4) What has been the biggest obstacle in your career?
The only obstacle I ever face is my belief in myself. If I believe I can do something then I will do it. There are always times when I'll feel unsure of my ability to achieve something, but inevitably when you break down the task and take it step by step then you'll be on the path to success.
5) Who has been the biggest influence on your career to date?
My mother and my father (though for very different reasons). My mum always taught me to work hard and never settle for second best. My father on the other hand left us when I was small and in later life sent me a letter telling me he wanted nothing to do with me as I would never amount to much. That moment was pivotal for me as on a subconscious level I believe I always wanted to prove him wrong. Counterintuitive though it may seem, I owe him thanks for that.
6) What is the best aspect about your current role?

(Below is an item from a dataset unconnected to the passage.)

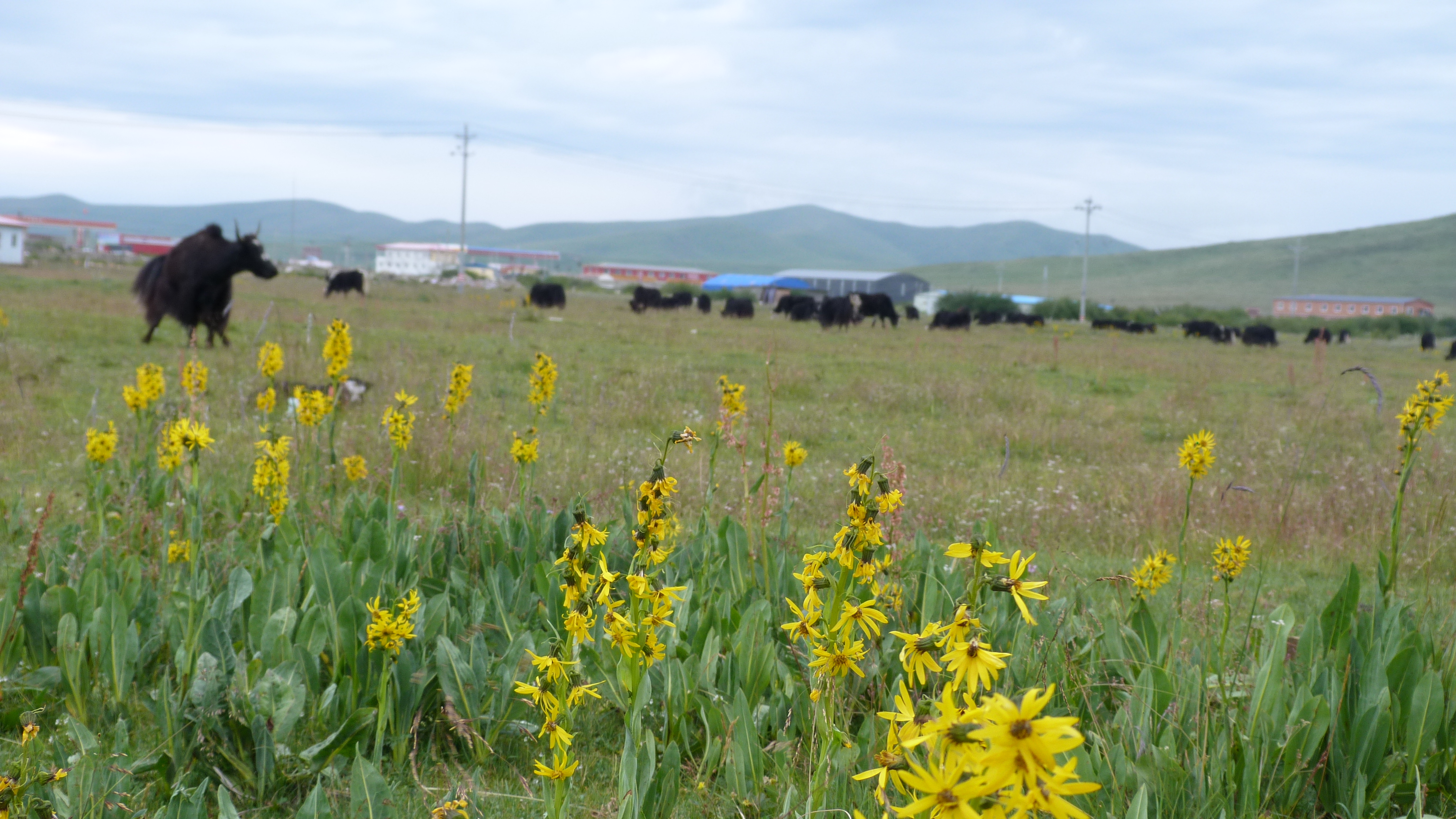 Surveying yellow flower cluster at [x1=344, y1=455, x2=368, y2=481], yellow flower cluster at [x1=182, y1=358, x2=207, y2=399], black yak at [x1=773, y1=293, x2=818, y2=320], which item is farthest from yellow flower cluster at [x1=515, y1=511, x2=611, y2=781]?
black yak at [x1=773, y1=293, x2=818, y2=320]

Where do I start?! I love my work. Every day I get to work on projects about which I am so passionate. Whether it's writing our new HelloFresh cookbook, producing videos to teach people how to cook for my online course the60secondchef.com, or just passing on knowledge and (hopefully!) inspiring and encouraging those around me. I had to work incredibly hard and take some big risks to get where I am now, but as the saying goes: "Live for a while as others won't, so you can live a lifetime as others can't".
7) And the worst?
8) What are your long term goals?
To leave a legacy, to help others reach their full potential and to have a beautiful life filled with health, family and friends.

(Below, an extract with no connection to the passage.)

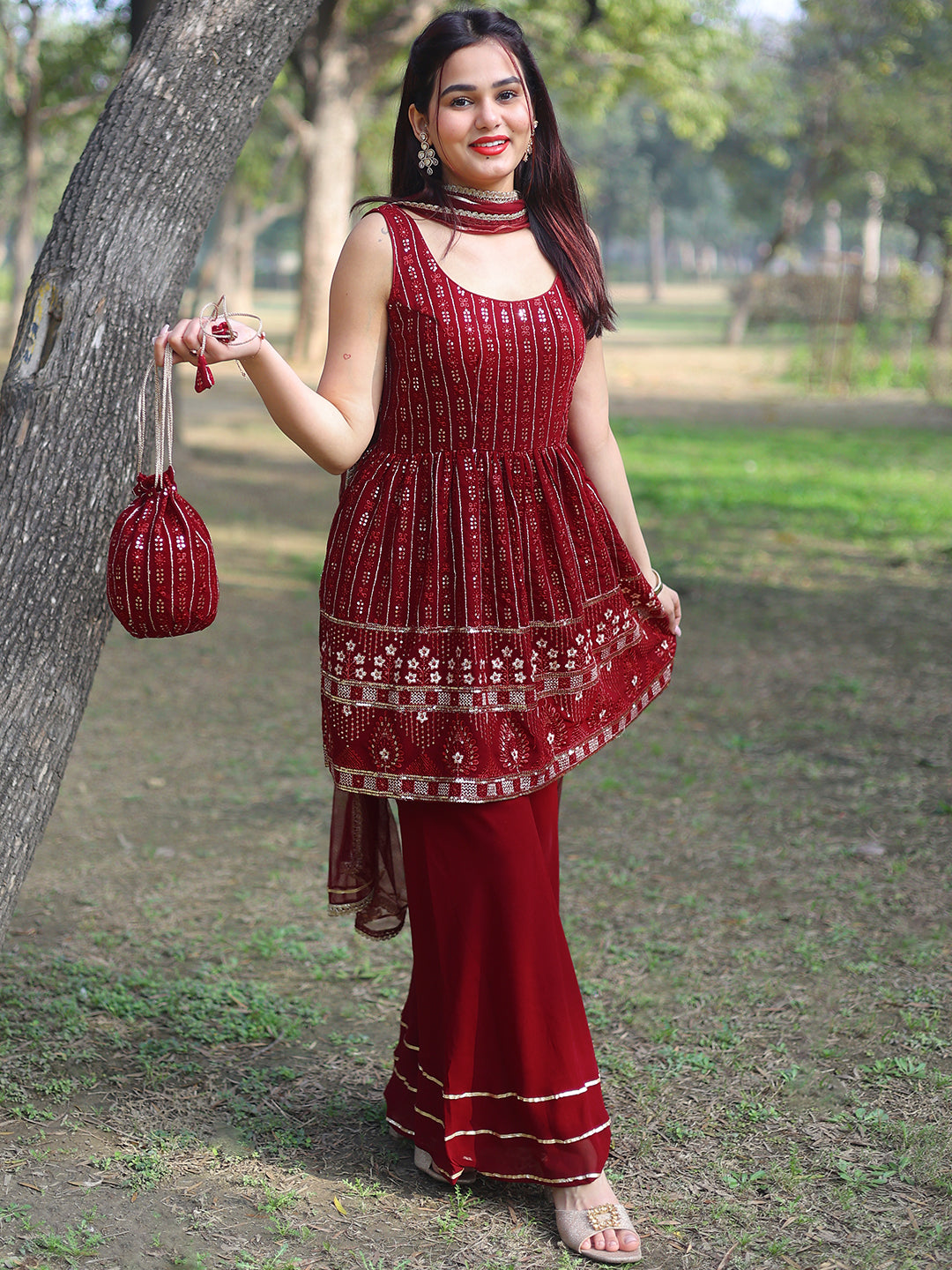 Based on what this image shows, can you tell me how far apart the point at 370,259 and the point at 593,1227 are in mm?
1755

9) If you were Prime Minister, what one aspect would you change?
The health of the nation. The key question the PM should ask when looking at this question is "What one thing could I do which would make everything else either easier or not necessary at all?" Where health is concerned the answer to this question is simple: Teach people how to cook. The level of cooking education in schools is a total joke and yet there is nothing that could create so fundamental a health shift as teaching (empowering!) people to cook fresh, inexpensive, nutritious food from scratch.
10) If you were marooned on a desert island, which historical figure would you like to spend
your time with and why?
That's easy. The Buddha. If I'm going to be stuck on an island for the rest of my life then I'd have plenty of time to work on my enlightenment. I can't think of a better study buddy.